There've always been a million ways to slice and dice the Arbitron ratings. If you don't like what they say, just look at them another way -- by age group, by gender, by time of day, by whatever. Or wait a few weeks and, like Chicago's weather, they're sure to change. That's especially true since Arbitron's new Portable People Meters turned the whole ratings game upside down.
So after I reported last week the Arbitron figures for January showing a surprise upset in morning drive for Don and Roma Wade on Citadel Broadcasting news/talk WLS-AM (890), I fully expected that the competition would step up with its own set of numbers to dispute my point.
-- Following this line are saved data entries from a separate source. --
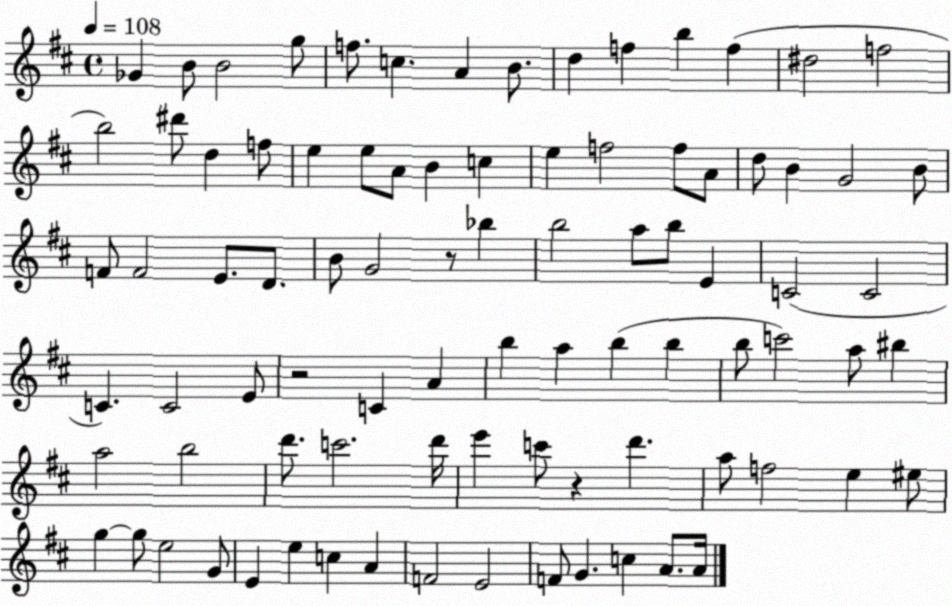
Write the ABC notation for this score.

X:1
T:Untitled
M:4/4
L:1/4
K:D
_G B/2 B2 g/2 f/2 c A B/2 d f b f ^d2 f2 b2 ^d'/2 d f/2 e e/2 A/2 B c e f2 f/2 A/2 d/2 B G2 B/2 F/2 F2 E/2 D/2 B/2 G2 z/2 _b b2 a/2 b/2 E C2 C2 C C2 E/2 z2 C A b a b b b/2 c'2 a/2 ^b a2 b2 d'/2 c'2 d'/4 e' c'/2 z d' a/2 f2 e ^e/2 g g/2 e2 G/2 E e c A F2 E2 F/2 G c A/2 A/4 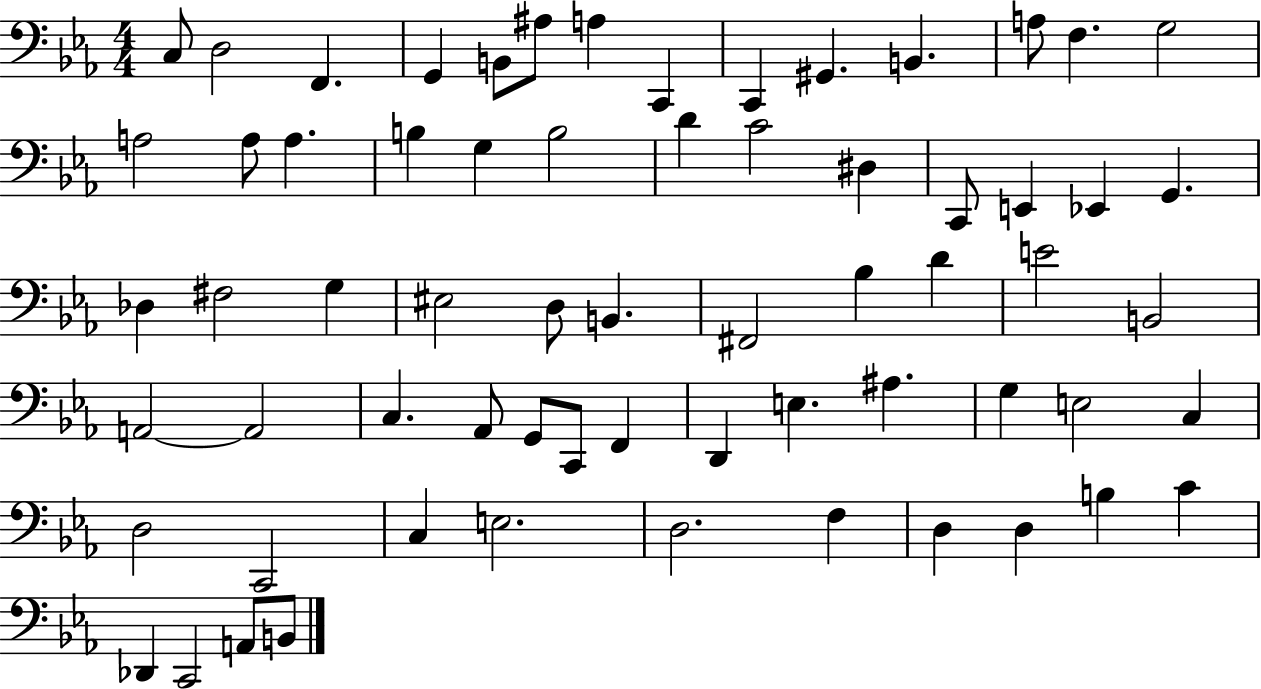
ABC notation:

X:1
T:Untitled
M:4/4
L:1/4
K:Eb
C,/2 D,2 F,, G,, B,,/2 ^A,/2 A, C,, C,, ^G,, B,, A,/2 F, G,2 A,2 A,/2 A, B, G, B,2 D C2 ^D, C,,/2 E,, _E,, G,, _D, ^F,2 G, ^E,2 D,/2 B,, ^F,,2 _B, D E2 B,,2 A,,2 A,,2 C, _A,,/2 G,,/2 C,,/2 F,, D,, E, ^A, G, E,2 C, D,2 C,,2 C, E,2 D,2 F, D, D, B, C _D,, C,,2 A,,/2 B,,/2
Lo and behold, Tribune Co.-owned news/talk WGN-AM (720) didn't disappoint.
For the record, Arbitron defines the morning-drive daypart as 6 to 10 a.m. Monday through Friday. In almost 30 years of reporting radio ratings in this market, that's the standard I always used whenever I listed the rankings of various stations. By that measure, there is no doubt that WLS beat WGN for the first time ever among listeners age 12 and older (which is the same demographic by which I've kept score since Larry Lujack competed against Wally Phillips). WLS had an 8.7 percent share of morning drive listeners, while WGN had an 8.2 share. As the man said: You could look it up.
But now the losers are crying foul. In an email to me Friday and in items that turned up Monday on Radio-Info.com and ChicagolandRadioandMedia.com, WGN officials pointed out that their morning show, hosted by newcomer Greg Jarrett, doesn't conform to Arbitron's definition of morning drive. Both Jarrett and Don & Roma are on from 5 to 9 a.m. -- not 6 to 10 a.m. When you look at the audience shares for those four hours, they say, Jarrett comes out on top.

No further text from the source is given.